◆ **DATA RECORDS**
******************************
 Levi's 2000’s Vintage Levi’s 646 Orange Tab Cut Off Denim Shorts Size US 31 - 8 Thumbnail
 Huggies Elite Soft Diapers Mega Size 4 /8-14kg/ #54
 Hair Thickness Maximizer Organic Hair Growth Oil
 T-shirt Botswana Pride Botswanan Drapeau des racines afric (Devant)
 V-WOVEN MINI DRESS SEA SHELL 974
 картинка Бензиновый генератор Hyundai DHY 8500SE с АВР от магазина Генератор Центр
******************************
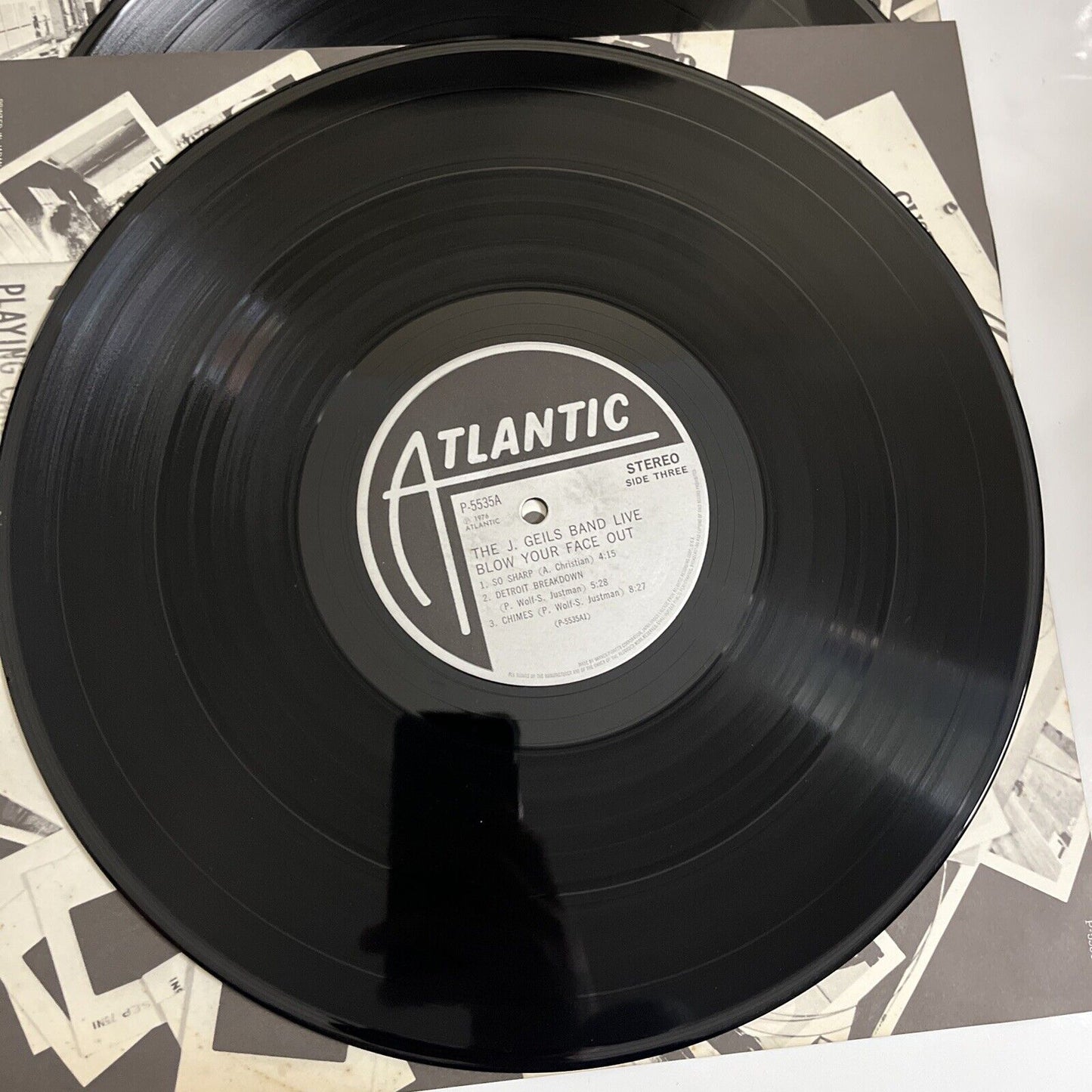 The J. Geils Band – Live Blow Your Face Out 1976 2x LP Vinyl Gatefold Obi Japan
******************************
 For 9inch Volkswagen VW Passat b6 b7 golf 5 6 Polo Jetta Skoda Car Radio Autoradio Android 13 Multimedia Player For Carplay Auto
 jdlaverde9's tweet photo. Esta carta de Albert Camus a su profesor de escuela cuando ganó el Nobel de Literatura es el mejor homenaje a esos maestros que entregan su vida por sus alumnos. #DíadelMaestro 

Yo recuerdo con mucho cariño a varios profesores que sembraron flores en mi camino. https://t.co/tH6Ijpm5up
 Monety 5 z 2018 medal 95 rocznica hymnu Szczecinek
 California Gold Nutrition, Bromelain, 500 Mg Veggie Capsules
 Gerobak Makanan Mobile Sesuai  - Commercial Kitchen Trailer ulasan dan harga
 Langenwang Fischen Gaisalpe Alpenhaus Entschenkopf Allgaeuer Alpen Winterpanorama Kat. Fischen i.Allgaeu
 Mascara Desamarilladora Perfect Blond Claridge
******************************
◆ **ACTIVITY**
Take the line above containing "Levi's 2000’s Vintage", the line containing "картинка Бензиновый генератор", and all lines in between, and copy them exactly without anything else.

◆ **REPLY TO THE TASK**
 Levi's 2000’s Vintage Levi’s 646 Orange Tab Cut Off Denim Shorts Size US 31 - 8 Thumbnail
 Huggies Elite Soft Diapers Mega Size 4 /8-14kg/ #54
 Hair Thickness Maximizer Organic Hair Growth Oil
 T-shirt Botswana Pride Botswanan Drapeau des racines afric (Devant)
 V-WOVEN MINI DRESS SEA SHELL 974
 картинка Бензиновый генератор Hyundai DHY 8500SE с АВР от магазина Генератор Центр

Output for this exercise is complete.